ACH Reversal Rules – How They Work and How to Handle Them

Automated Clearing House (ACH) takes a more significant portion of the payments pie today than it did in the past. Credit card platforms such as Visa and Mastercard have approved payments on their platforms forever. Still, now many merchants and payment processors are starting to use the ACH system to process a specific payment type.

Merchant account providers have started to incorporate the ACH network to transfer funds overnight to process transactions for same-day or next-day funding types. Furthermore, ACH is the preferred payment medium for recurring revenue or subscription-type transactions.

Finally, ACH is a much more economical medium of transferring funds and processing transactions while also being considered more secure by some industry followers. Since ACH is gaining traction in the payment industry, it’s all the more in the merchants’ best interest to understand this payment form better. Merchants should understand what ACH is and some helpful terminology. 

More specifically, there is an option for merchants to ‘reverse’ and ACH transaction before it is completed. It would help when they may need to do that, what are the requirements and processes of ACH reversals and how they differ from returns. 

What is ACH?

ACH (Automated Clearing House) is a mechanism to transfer funds that banks have used for some time to price transactions within the US. The payments involved are often low in value and usually recurring, such as payroll. ACH is self-regulated by NACHA, formerly known as National Automated Clearing House Association. NACHA sets operating and security protocols for ACH transactions.

ACH transactions can be used by individuals, businesses, or government bodies for payments or direct deposit transactions.

ACH transactions are processed in batches at different intervals in the day. It is one of the fast ways to make payments with new standards currently being drafted to make them even faster, to the level of real-time.

Some helpful terminology regarding ACH

ODFI – Originating Depository Financial Institution – The financial institution, a bank, a merchant processor, an ACH API, or a payment gateway that starts an ACH transaction for the originator. 

RDFI – Receiving Depository Financial Institution – The financial entity which receives the request to either credit or debit funds in ACH transactions. This can also be done by a bank, a merchant processor, an ACH API, or a payment gateway.

ACH Operator – Two overseeing bodies control and operate the ACH network. First is The Federal Reserve Banks’ Automated Clearing House (FedACH), a government body. The other is a private company, the Electronic Payments Network (EPN).

What is an ACH reversal, and why would you need it?

As a merchant would request an ACH payment process, one that is already on record as a recurring event, there may be times when it is required to reverse it. It’s important not to confuse ACH reversals with ACH returns. ACH returns are when an ACH payment cannot be processed due to some error and is returned with a three-digit code denoting the mistake. An ACH reversal is a 

ACH reversals are stopping, undoing, or canceling an ACH payment request. There are many reasons why a merchants would need to do this, and there are requirements for them. Thankfully, unlike almost instantaneous wire transfers, merchants have the option of ACH reversals as they aren’t as immediate.

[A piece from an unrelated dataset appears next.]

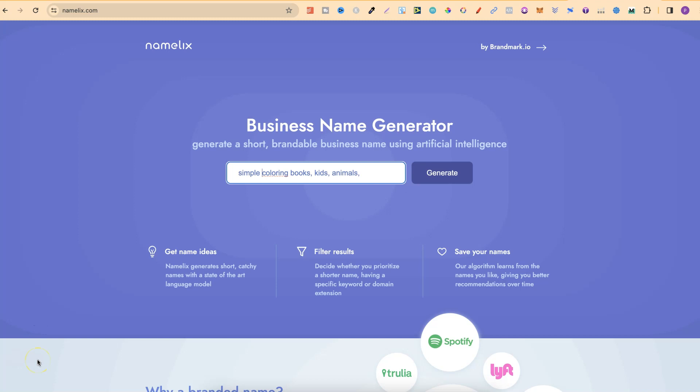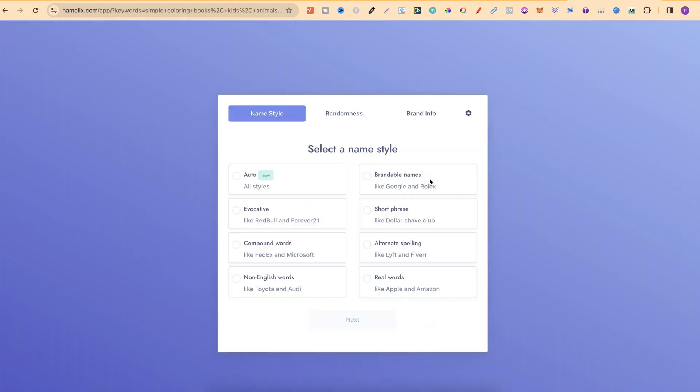So, let's say we're going to create a coloring book brand for kids and most of the coloring books are going to be simple and they're going to be around animals. So, I've put in simple coloring books, kids, animals. We're now going to click generate and we're going to get a few different ways on how we can filter this.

ACH payments may take a couple of days to process. The ODFI has different times to clear funds in batches at three intervals during the day. So when ACH funds clear depends on the following;

  • When the request is initially made
  • When the OFDI processes its batch
  • When ACH network operators sort debits and credit in their system and route them
  • When the RFDI receiving the request processes its batch 
  • When the receiving bank posts the payments into the merchant’s account

This timeline is important because, in this lengthy timeline, the merchant has the opportunity to reverse the ACH if they need to.

The requirements of ACH reversals

There are three grounds on which ACH reversals can be made. The reversal is requested by the ODFI and requires one of the following reasons:

  1. Incorrect payment amount – the amount debited or credited was incorrect
  2. Wrong information – the account debited or credit was incorrect
  3. Double payment – the payment was a duplicate transaction made erroneously 

The ACH Reversal Process

How the ACH reversal takes place depends on how it was initiated. ACH reversals have to be undertaken by the originator. So if a customer was charged incorrectly, the customer has to reach out to the company that initiated that ACH. They should do this soon as possible, ideally within 24 hours of discovering the charge or within five days of the charge initiation.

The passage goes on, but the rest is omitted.